◆ **Exercise requirements**: Find the line holding "Christopher & Banks" in the entries below. Give it again exactly, along with every line after it up to and including the line holding "A cozy room".

◆ **Records for this task**:
"""

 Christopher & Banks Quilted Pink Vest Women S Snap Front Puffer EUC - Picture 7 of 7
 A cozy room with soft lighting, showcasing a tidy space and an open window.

"""
"""

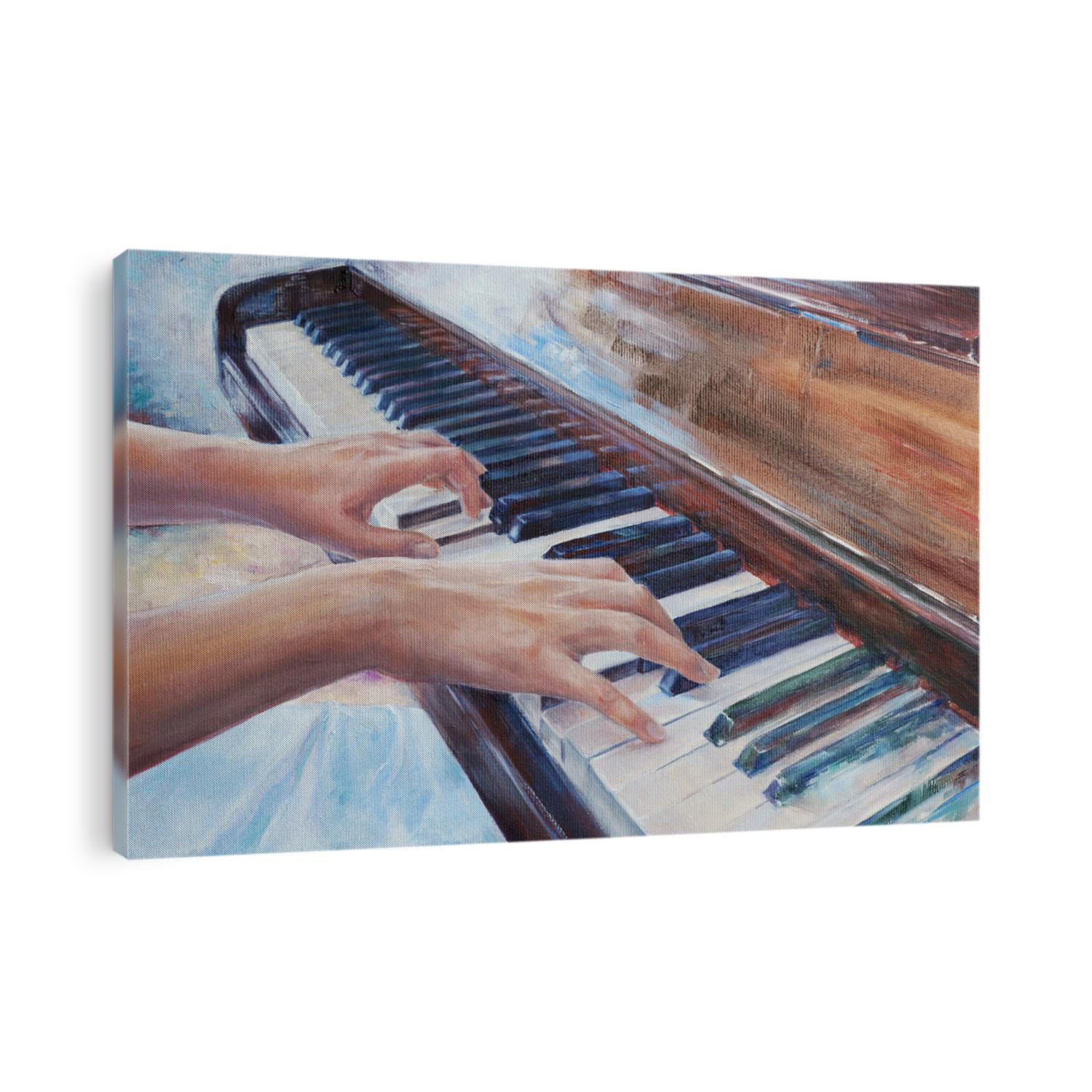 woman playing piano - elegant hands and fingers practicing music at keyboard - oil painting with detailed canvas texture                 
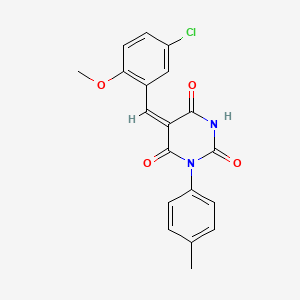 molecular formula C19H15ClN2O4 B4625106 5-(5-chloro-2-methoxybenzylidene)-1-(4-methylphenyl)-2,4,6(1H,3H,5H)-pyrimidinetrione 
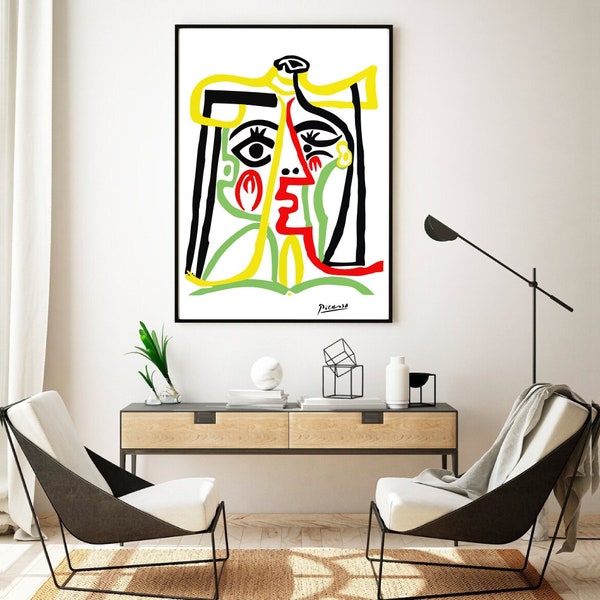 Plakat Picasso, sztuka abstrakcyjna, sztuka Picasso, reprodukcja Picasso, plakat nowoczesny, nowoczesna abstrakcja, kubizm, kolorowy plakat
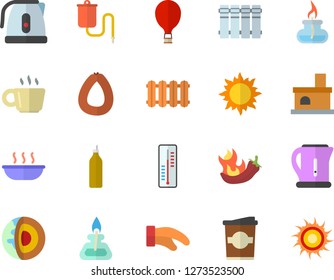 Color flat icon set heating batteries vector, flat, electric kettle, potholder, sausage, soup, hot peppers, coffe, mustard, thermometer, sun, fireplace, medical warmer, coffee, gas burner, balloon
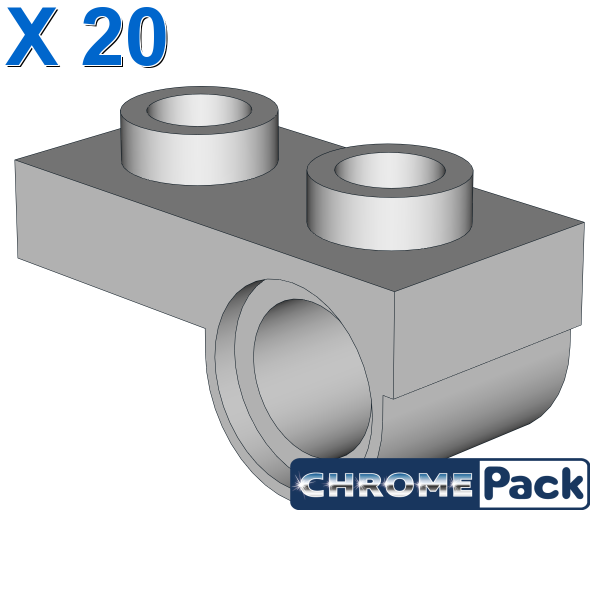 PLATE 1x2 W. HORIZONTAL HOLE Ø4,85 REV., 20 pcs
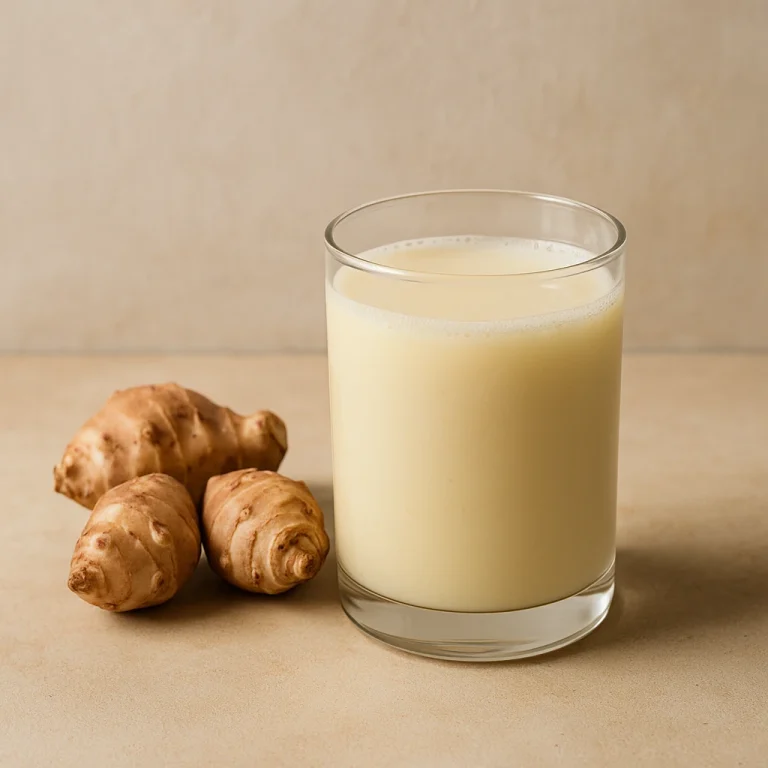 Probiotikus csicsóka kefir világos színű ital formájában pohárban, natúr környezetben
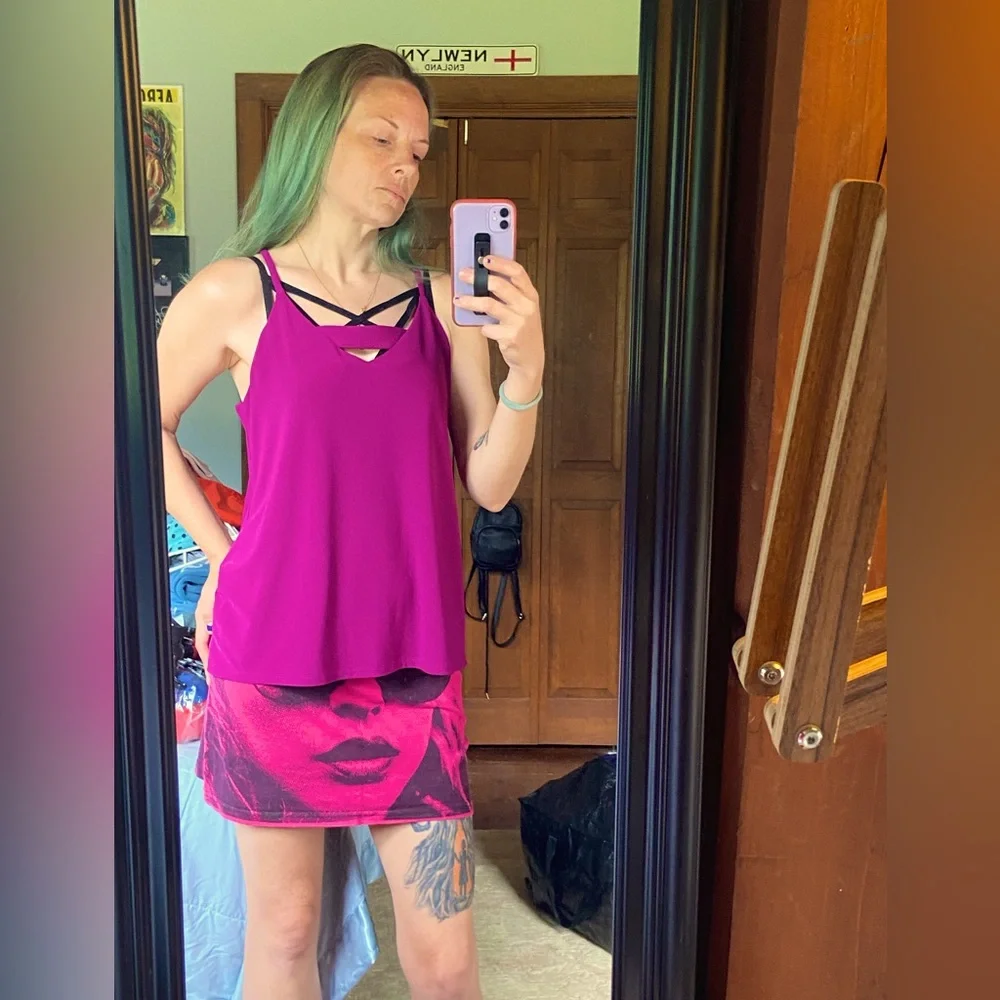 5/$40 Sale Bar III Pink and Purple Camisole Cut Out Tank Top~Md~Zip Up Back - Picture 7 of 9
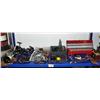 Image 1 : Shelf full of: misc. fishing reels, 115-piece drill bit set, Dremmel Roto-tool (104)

"""

◆ **Task result**:
 Christopher & Banks Quilted Pink Vest Women S Snap Front Puffer EUC - Picture 7 of 7
 A cozy room with soft lighting, showcasing a tidy space and an open window.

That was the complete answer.